Repeat the entries below exactly, pictures excluded.
━━━━━ Data for review ━━━━━
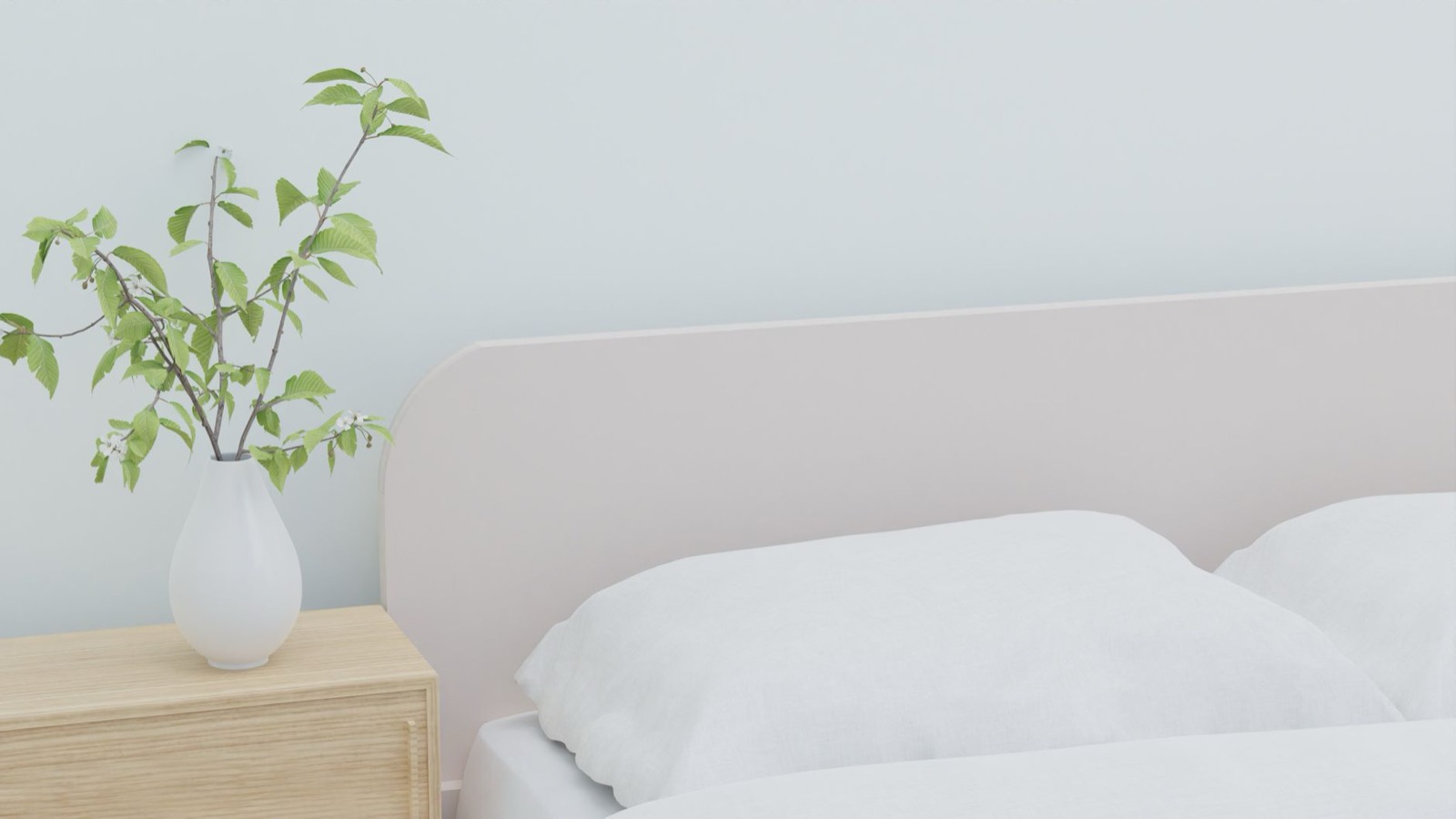 Low-profile platform bed with a mattress sitting on a flat, solid support surface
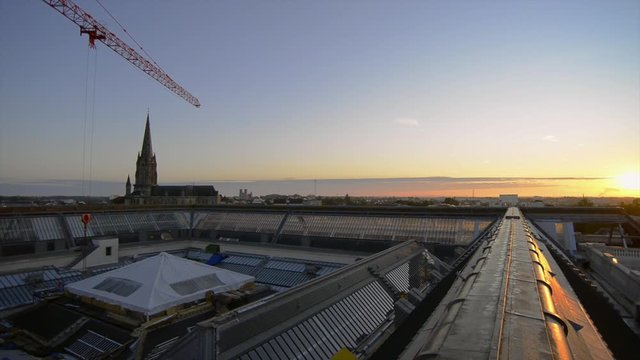 Une grue de chantier reprend le travail au lever du jour sur les toits de la vielle ville de Nantes 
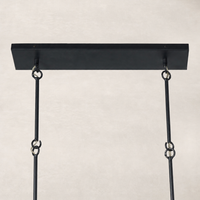 Antiqued iron linear chandelier with hanging chains and a sleek rectangular ceiling plate.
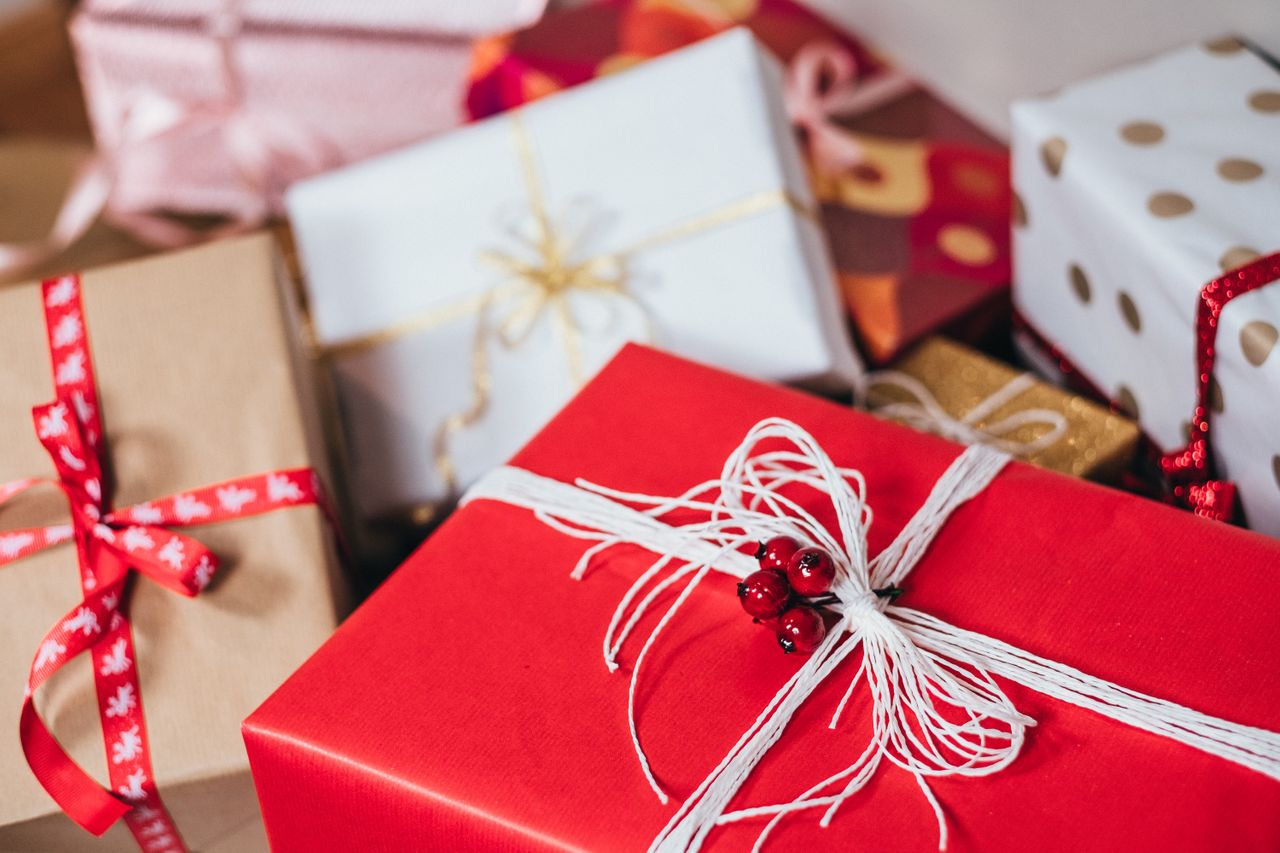 A close-up of multiple festive holiday gifts, with a red gift box tied with white string and adorned with holly berries at the front.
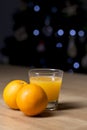 Orange juice on a drinking glass with fresh oranges fruit on a wooden table Royalty Free Stock Photo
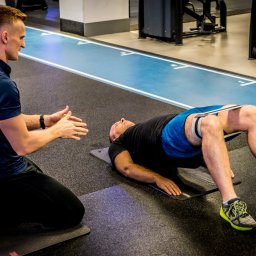 Norbert Gotz - trener personalny Kraków - Trener personalny demonstruje ćwiczenie z gumą na nogach klienta leżącego na macie w siłowni. Ujęcie z boku.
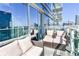 Condo balcony with skyline views and modern outdoor furniture at 45 Ivan Allen Jr Nw Blvd # 1908, Atlanta, GA 30308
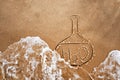 Painted flask and chemical formula of water on sand. The quality of water on the beach and the ocean.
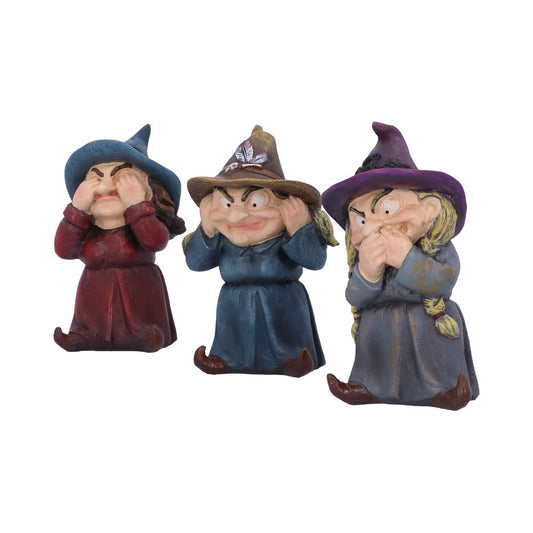 Three witch figurines, posed as "see no evil, hear no evil, speak no evil," wearing colorful hats and robes, stand side by side against a plain background.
━━━━━
* **Result**
 Low-profile platform bed with a mattress sitting on a flat, solid support surface
 Une grue de chantier reprend le travail au lever du jour sur les toits de la vielle ville de Nantes 
 Antiqued iron linear chandelier with hanging chains and a sleek rectangular ceiling plate.
 A close-up of multiple festive holiday gifts, with a red gift box tied with white string and adorned with holly berries at the front.
 Orange juice on a drinking glass with fresh oranges fruit on a wooden table Royalty Free Stock Photo
 Norbert Gotz - trener personalny Kraków - Trener personalny demonstruje ćwiczenie z gumą na nogach klienta leżącego na macie w siłowni. Ujęcie z boku.
 Condo balcony with skyline views and modern outdoor furniture at 45 Ivan Allen Jr Nw Blvd # 1908, Atlanta, GA 30308
 Painted flask and chemical formula of water on sand. The quality of water on the beach and the ocean.
 Three witch figurines, posed as "see no evil, hear no evil, speak no evil," wearing colorful hats and robes, stand side by side against a plain background.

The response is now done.